> [Required work]: Make an exact transcript of the lines in the data below, starting with the one containing "MANDU RICH Vintage Shoulder Bag - Image 2" and going on through the one containing "Kedai / Pejabat", with both included and the pictures left out.

*** Opening of Material to process ***

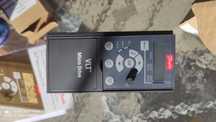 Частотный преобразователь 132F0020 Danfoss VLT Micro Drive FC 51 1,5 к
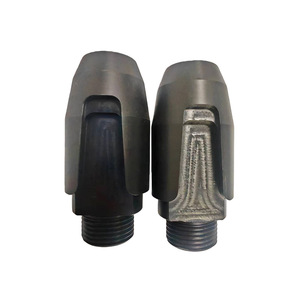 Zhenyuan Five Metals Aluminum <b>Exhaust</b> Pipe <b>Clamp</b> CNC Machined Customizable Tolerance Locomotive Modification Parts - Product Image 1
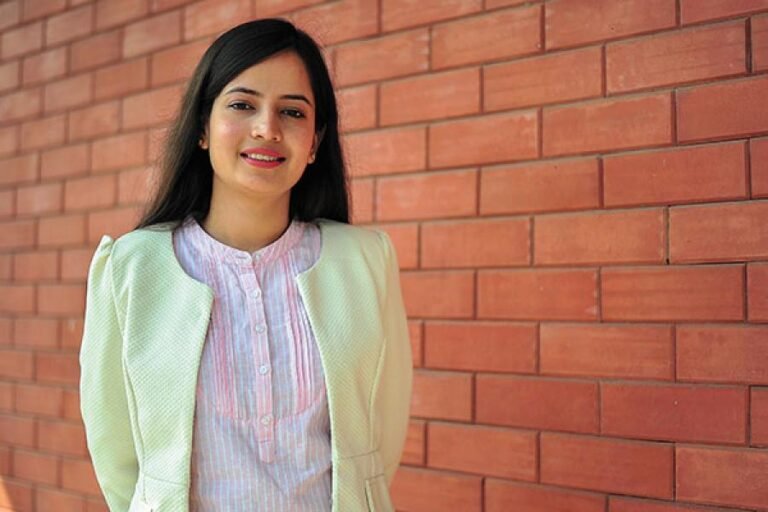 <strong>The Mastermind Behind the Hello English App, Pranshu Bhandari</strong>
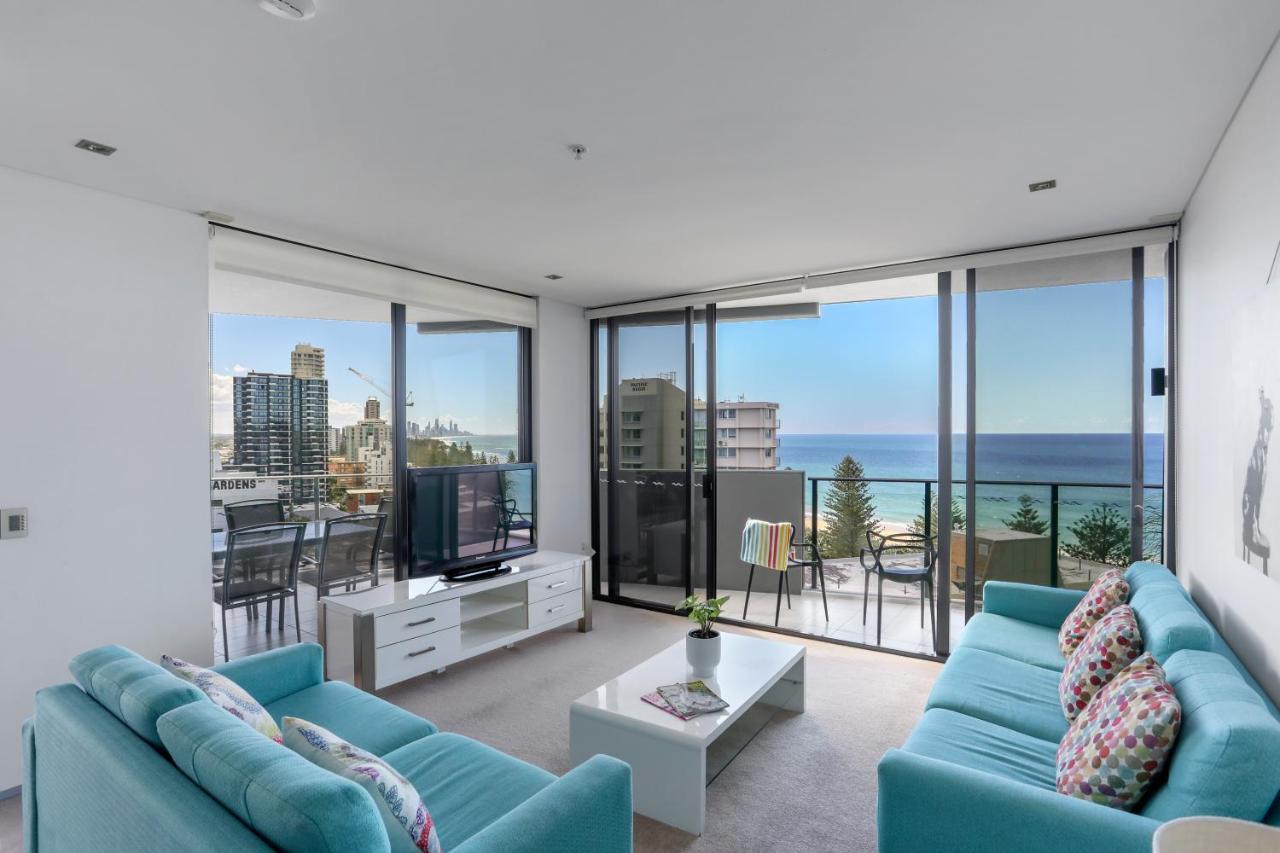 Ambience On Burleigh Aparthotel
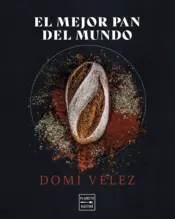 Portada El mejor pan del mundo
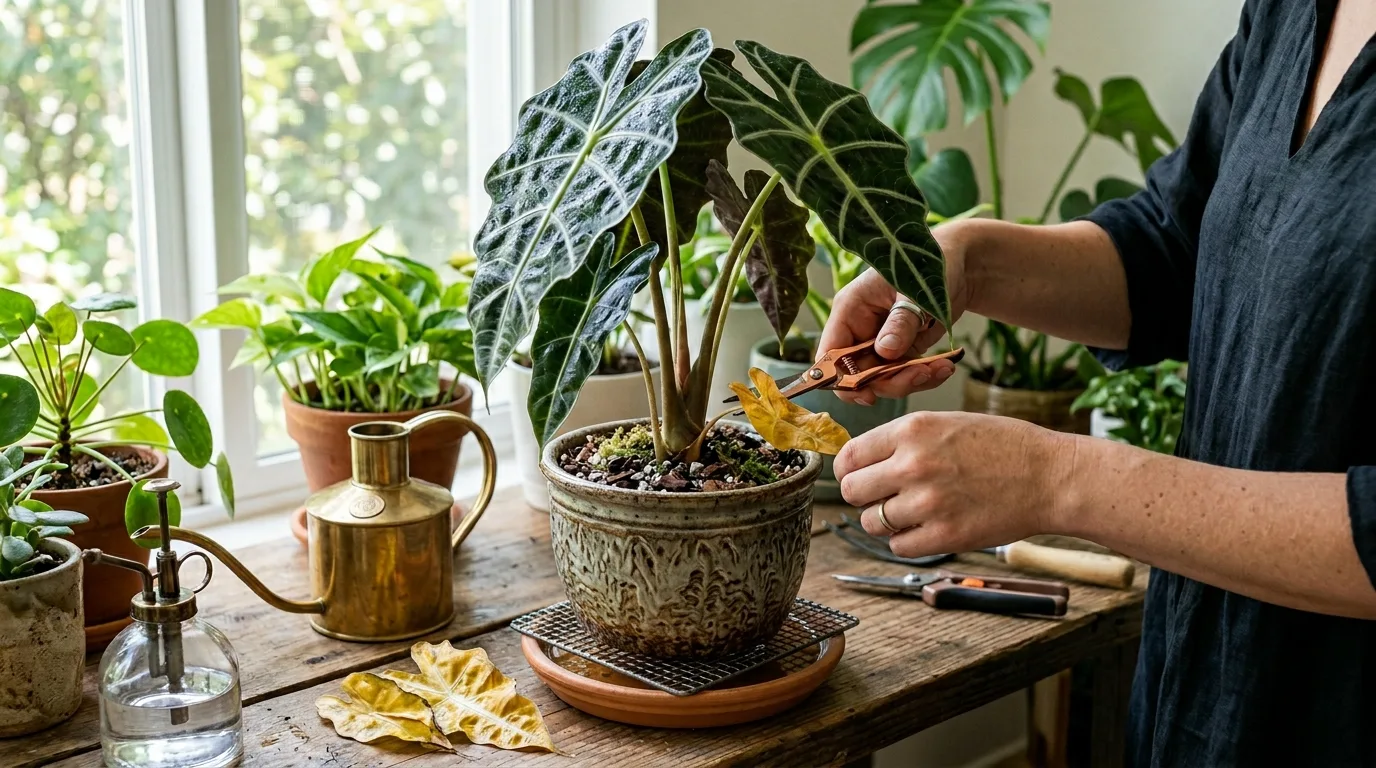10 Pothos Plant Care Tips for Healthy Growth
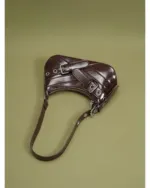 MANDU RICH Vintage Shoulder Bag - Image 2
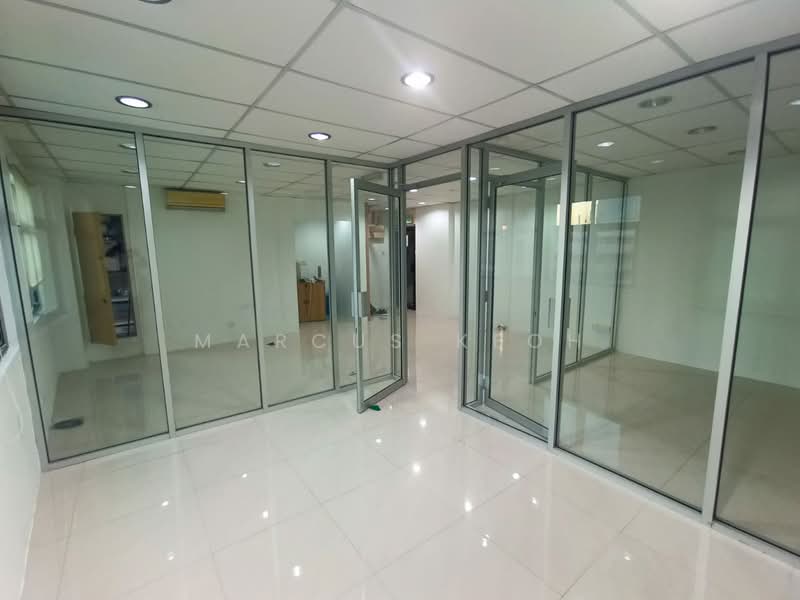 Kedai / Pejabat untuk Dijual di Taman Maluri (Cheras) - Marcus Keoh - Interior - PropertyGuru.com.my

*** Close of Material to process ***
*** Opening of Material to process ***

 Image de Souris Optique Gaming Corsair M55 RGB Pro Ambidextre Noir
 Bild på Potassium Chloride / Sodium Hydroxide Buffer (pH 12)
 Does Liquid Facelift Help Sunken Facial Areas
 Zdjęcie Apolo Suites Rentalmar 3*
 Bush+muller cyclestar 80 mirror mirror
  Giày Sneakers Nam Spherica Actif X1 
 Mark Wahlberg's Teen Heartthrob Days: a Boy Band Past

*** Close of Material to process ***
*** Opening of Material to process ***

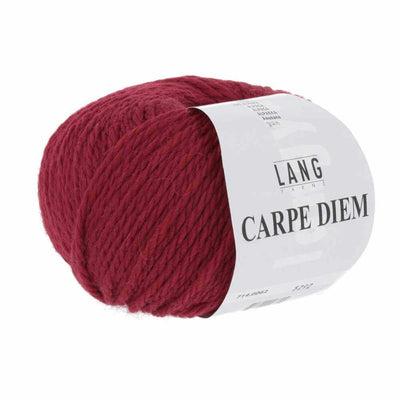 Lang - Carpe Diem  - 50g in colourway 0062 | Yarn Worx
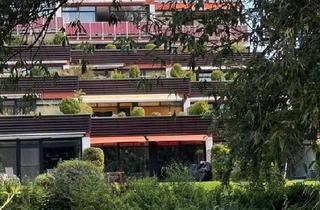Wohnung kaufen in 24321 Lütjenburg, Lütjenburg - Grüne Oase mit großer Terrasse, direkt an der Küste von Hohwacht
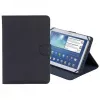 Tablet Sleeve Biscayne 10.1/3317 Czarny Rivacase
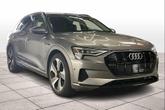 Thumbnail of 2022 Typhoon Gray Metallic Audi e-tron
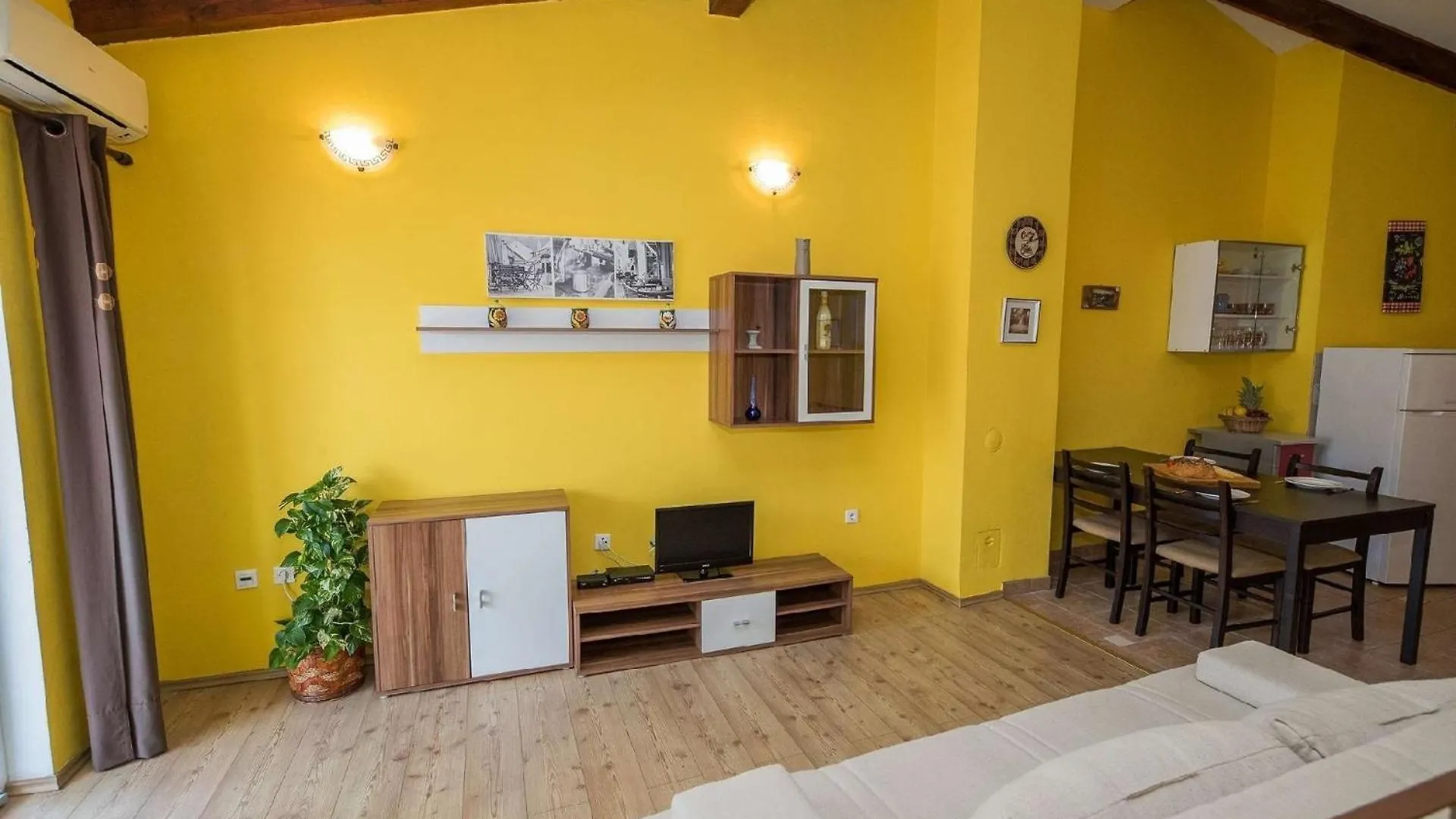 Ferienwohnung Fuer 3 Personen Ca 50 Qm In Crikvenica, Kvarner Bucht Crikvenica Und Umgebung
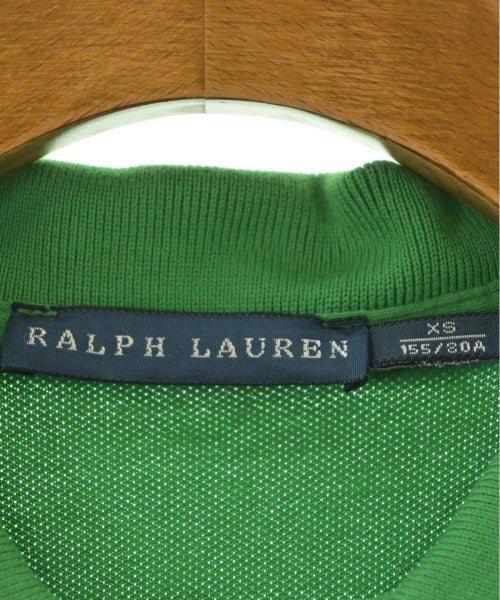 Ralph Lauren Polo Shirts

*** Close of Material to process ***

> [Exercise output]:
 MANDU RICH Vintage Shoulder Bag - Image 2
 Kedai / Pejabat untuk Dijual di Taman Maluri (Cheras) - Marcus Keoh - Interior - PropertyGuru.com.my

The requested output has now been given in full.